The talking point should be ‘taxes should buy you more’ because that correctly assumes that taxes have been buying us less and less. It’s a shitshow, but only because the revenue’s been hijacked, firstly by the military-industrial complex, and now apparently by high finance and the 0.001%. We can collectively demand better. Taxes should buy us more, it’s stupid to pretend the current situation’s worth defending and stupider to turn to the hijackers for aid. The anti-tax people are part of the hijackers.
Thoughtful Today
@David Koch:
“Obama prevented a 2nd great depression.”
I didn’t dispute that.
Unemployment, real unemployment, is still depressingly high.

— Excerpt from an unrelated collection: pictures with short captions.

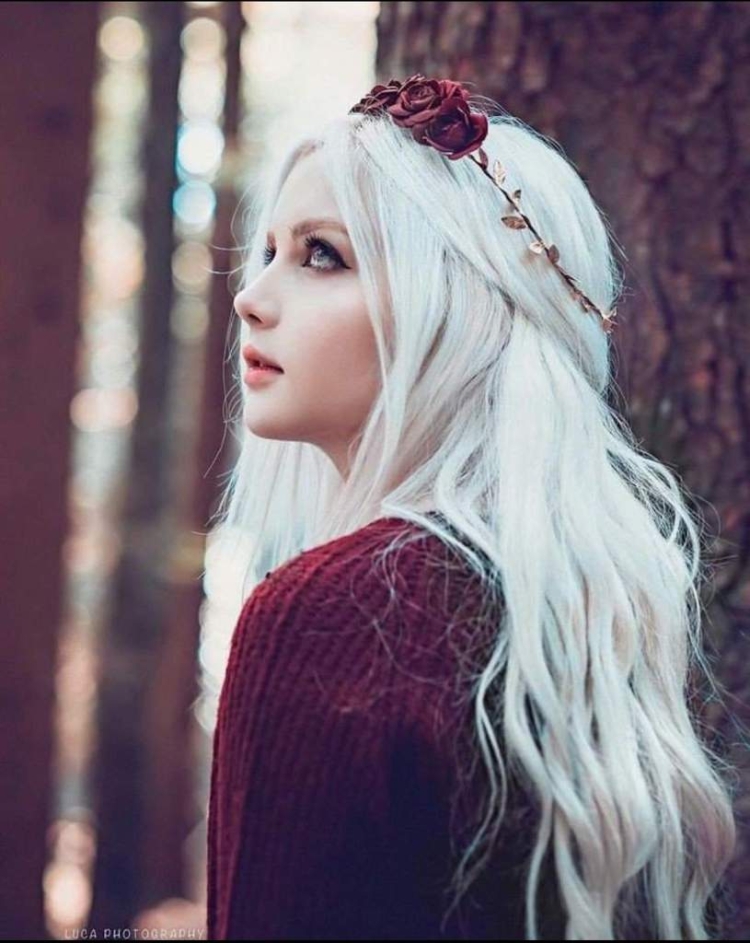 Маргарита Дегтярева пепельные волосы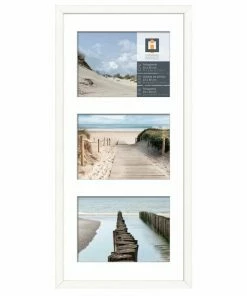 Bilderrahmen - Weiß - 23x50 Cm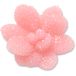 Jibbitz Breloque Fleur Rose Perlée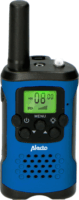 Alecto FR175BW Walkie Talkie 7 km hatótávval - Kék/Fekete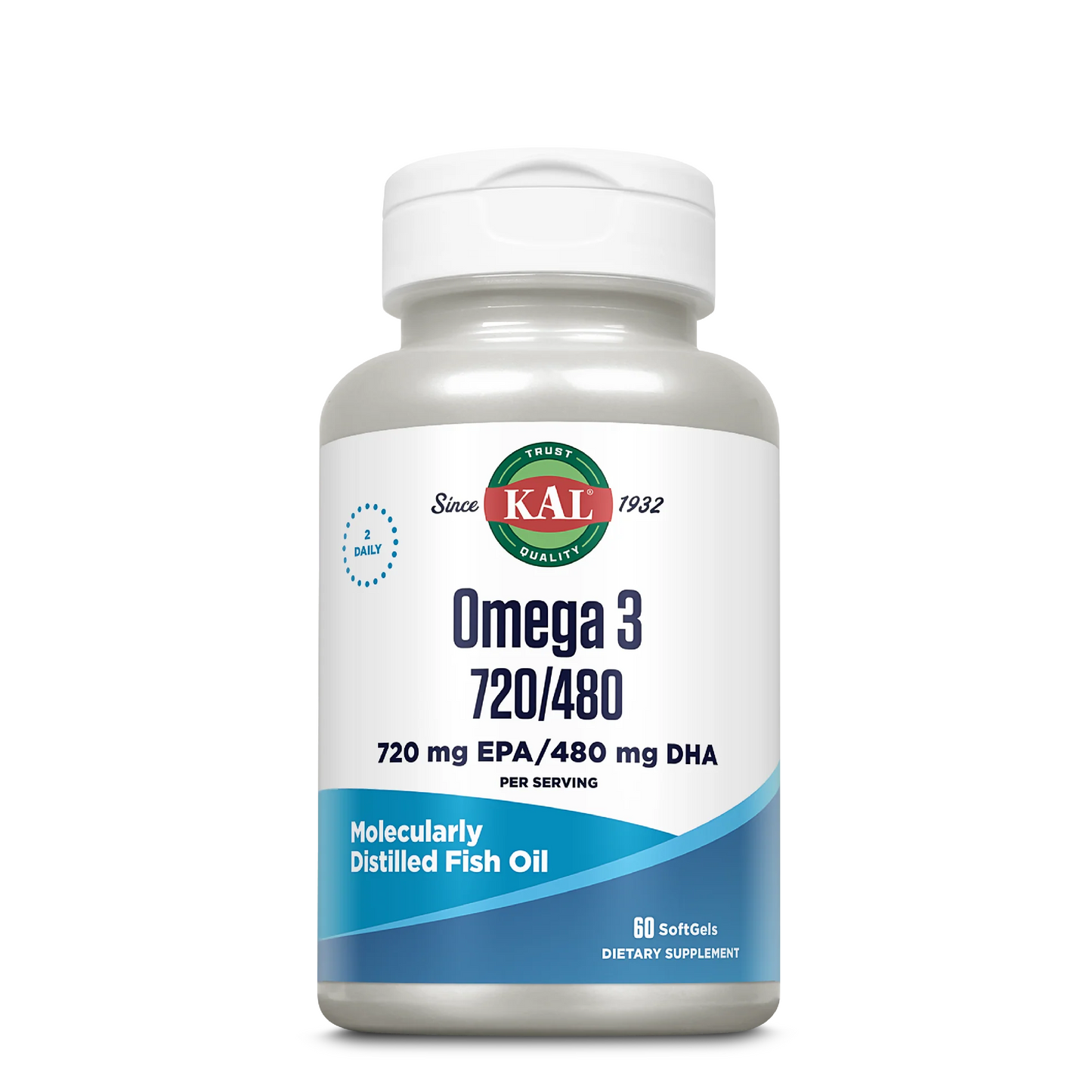 KAL Omega 3 720/480 60 Softgels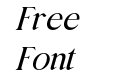 Aurallia Italic Regular Aurallia Italic Regular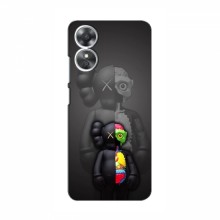 Чехлы для OPPO A17k - Bearbrick Louis Vuitton (PREMIUMPrint)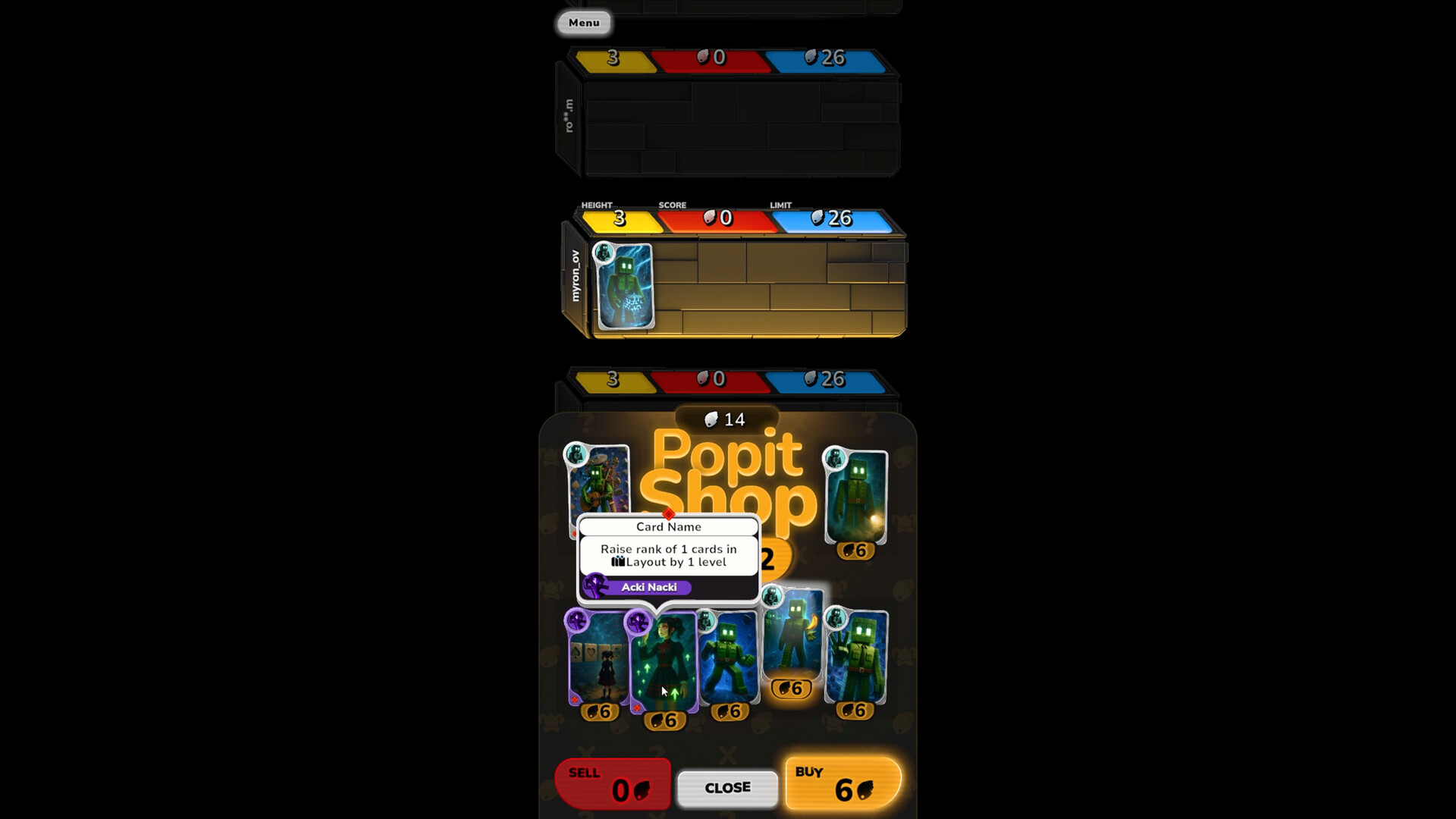 Acki Nacki - Popit Game screenshot 14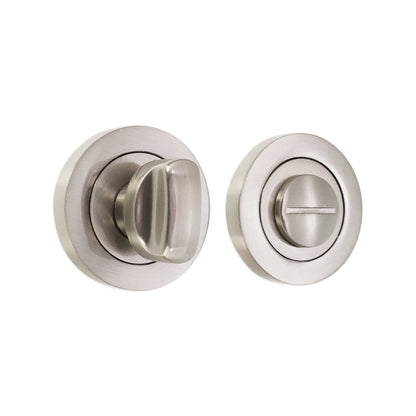 Standard Turn & Release Satin Nickel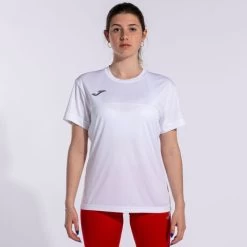 JOMA Camiseta Manga Corta Mujer Montreal Blanco 12 JOMA Camiseta Manga Corta Mujer Montreal Blanco -Deportiva Ropa Tienda 901644.200 3
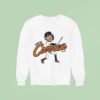 Carlos Correa Houston Caricature Sweatshirt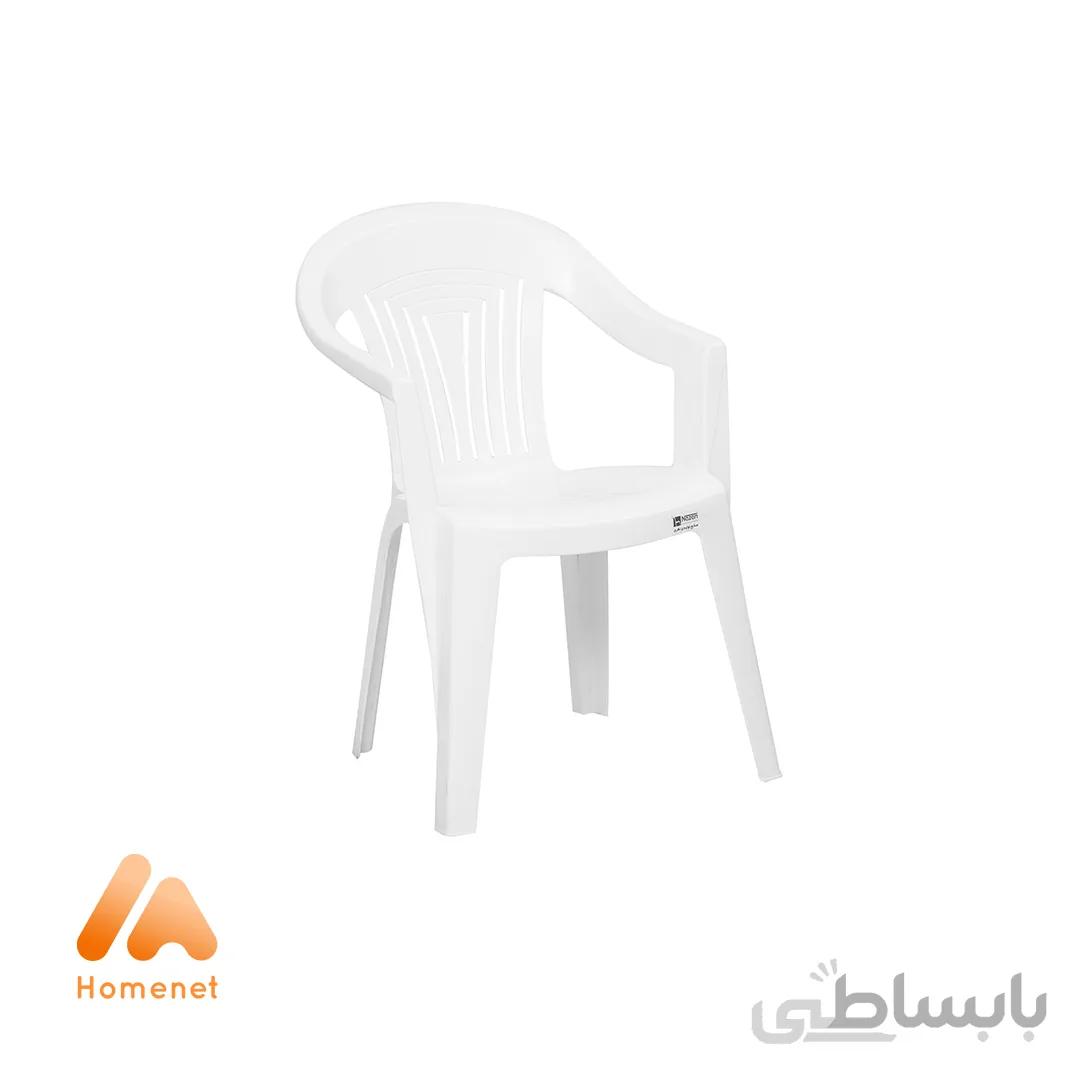صندلی دسته دار پلاستیکی نظری مدل ملودی 505
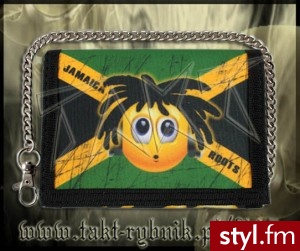 Portfel z łańcuchem SMILE JAMAICA ROOTS - Kosmetyki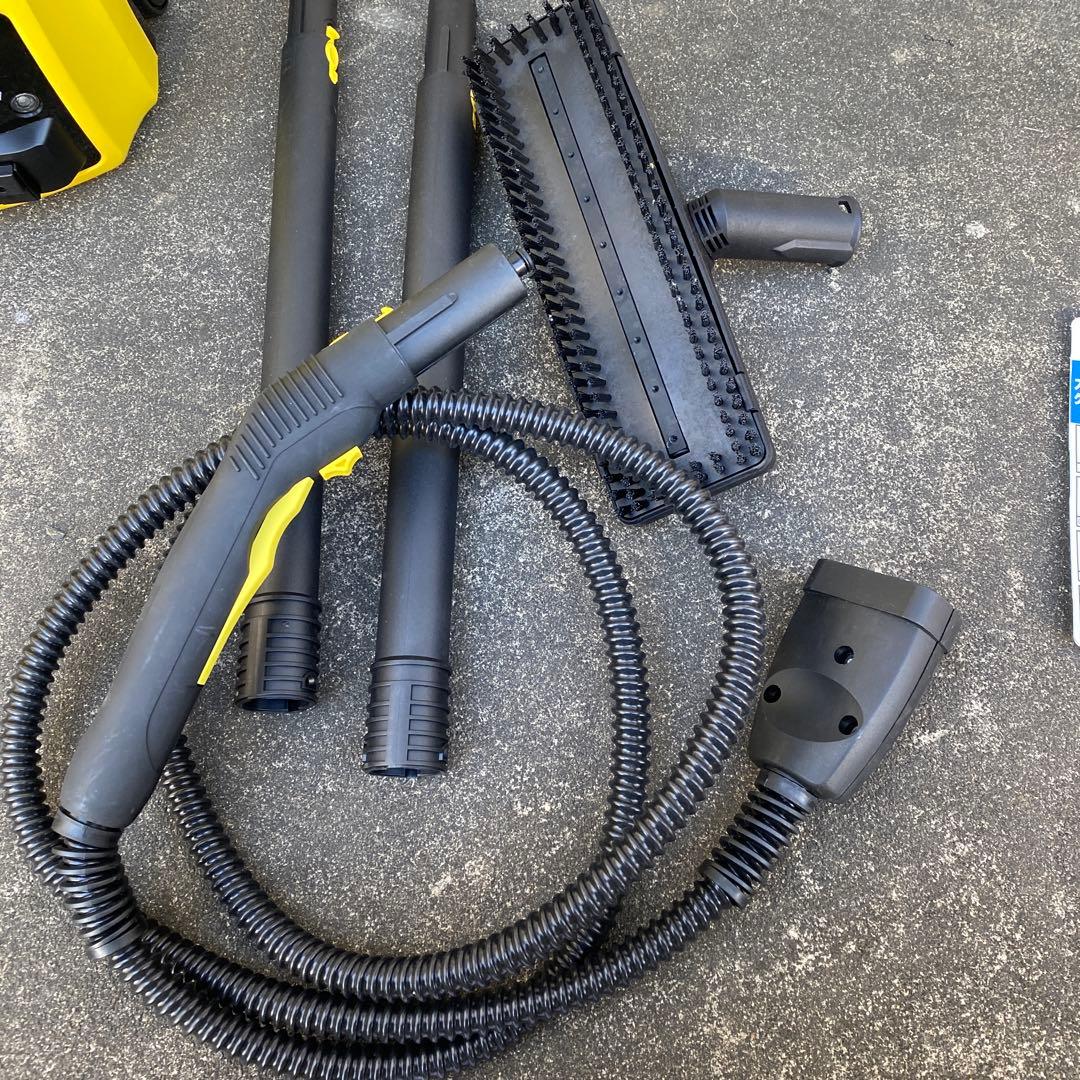 KARCHER スチームクリーナー 本体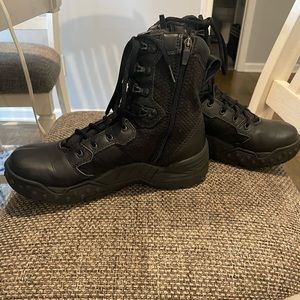 Danner Boots, Scorch Side-Zip, Hot 8”, Black, Tactical Boots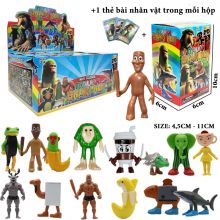 [HỎA TỐC - HCM] Hộp Mù Blind Box Đồ Chơi Tung Tung Sahur Mô Hình quái vật brainrot TralaeloTralala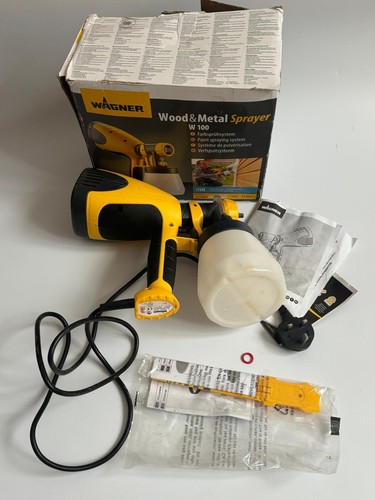 Wagner 100 electric paint - wagner, w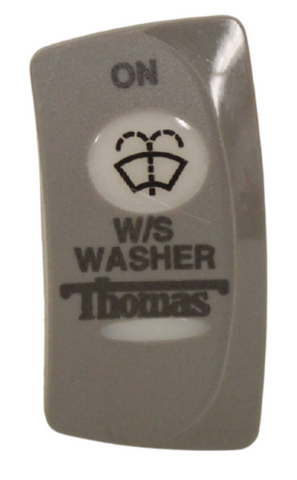 Thomas Built Buses Carling 5200-3182 R251 City Bus Gray Windshield Washer Switch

The majority of those employed still see most of their productivity siphoned off by the billionaire class (as it has been for 40 years now).
Obama gave Republicans massive tax cuts that disproportionately helped the richest amongst us.
Millions still don’t have health care (and Corporate Dems often confuse corporate insurance with health care).
Dodd-Frank was deliberately weakened and hasn’t yet been aggressively enforced (let alone any serious accoutability for the Banksters).
I can celebrate good things while recognizing that a small step on a righteous path is still only a small step.
I want serious change, not more Third Way DLC triangulation.
Chyron HR
@Applejinx:
But I guess “Obama and Clinton are the worst presidents in the last 20 years” comes more naturally to you guys.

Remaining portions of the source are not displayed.